Tuesday, October 19, 2021

The Community of Consciousness

 


April 1


Over the last couple of days, multiple discussions about how we form a brotherhood in our efforts to become whole within ourselves; and that the action of doing this is not actually in order to serve ourselves — although that’s in part a consequence of the effort — but to serve everyone else, and the planet.


This idea of ourselves—which is anything but theoretical—as part of a collective, a single organism that functions as a whole, is the most essential part of spiritual understanding. In order to understand it well, we have to understand to some extent by analogy, using the mind quite precisely as an instrument that perceives relationship.

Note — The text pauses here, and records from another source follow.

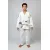 Kimono Infantil In The Guard Xadrez Branco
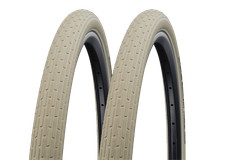 2x Schwalbe Fat Frank 50-622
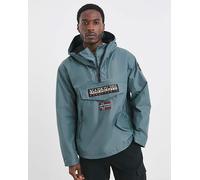 Napapijri Rainforest Next Jacket - Black Napapijri Napapijri Rainforest Next Jacket - Black Black M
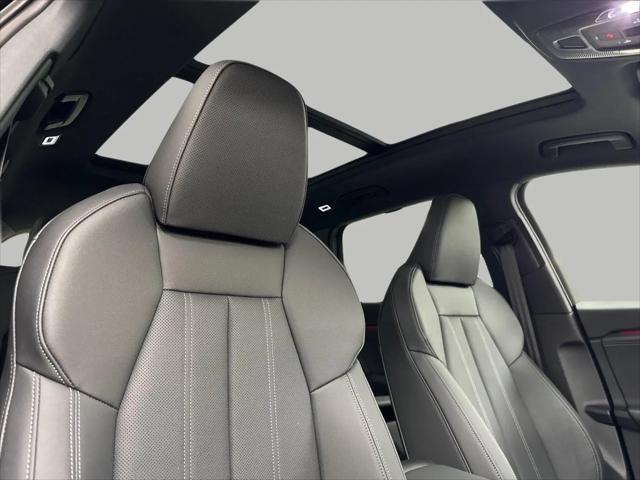2027 Audi Q6 e-tron Premium Plus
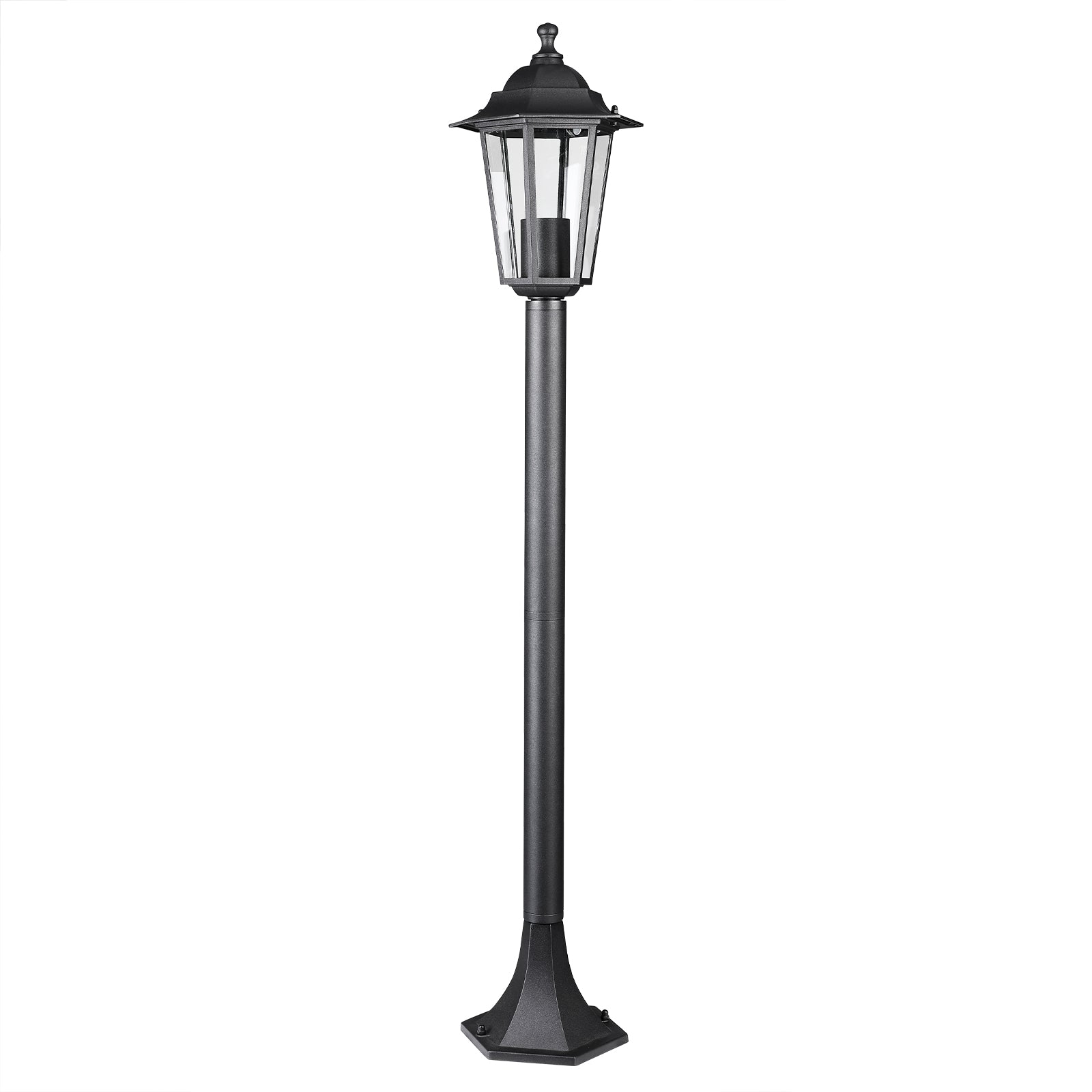 Udendørslampe Quot Gadelampe Quot Mytra Antracit Aluminium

In considering our practical biology, we now know that we are not individual organisms. We are not just a collection of about, give or take, 15 trillion cells; those cells are, functionally, a collection of trillions upon trillions of molecules. In turn, we are not just “ourselves;” billions upon billions of “foreign” bacteria live within us, and trillions of viruses. We depend on all these tiny separate and individual creatures, on their micro-communities, for our very life itself. Our own cells form larger collective communities that make organs. And so on. 


An individuality emerges; and it has a superior awareness that we call our “consciousness.” Yet consciousness, at every level, can only be formed by community. There is no “consciousness” that exists by itself apart from others.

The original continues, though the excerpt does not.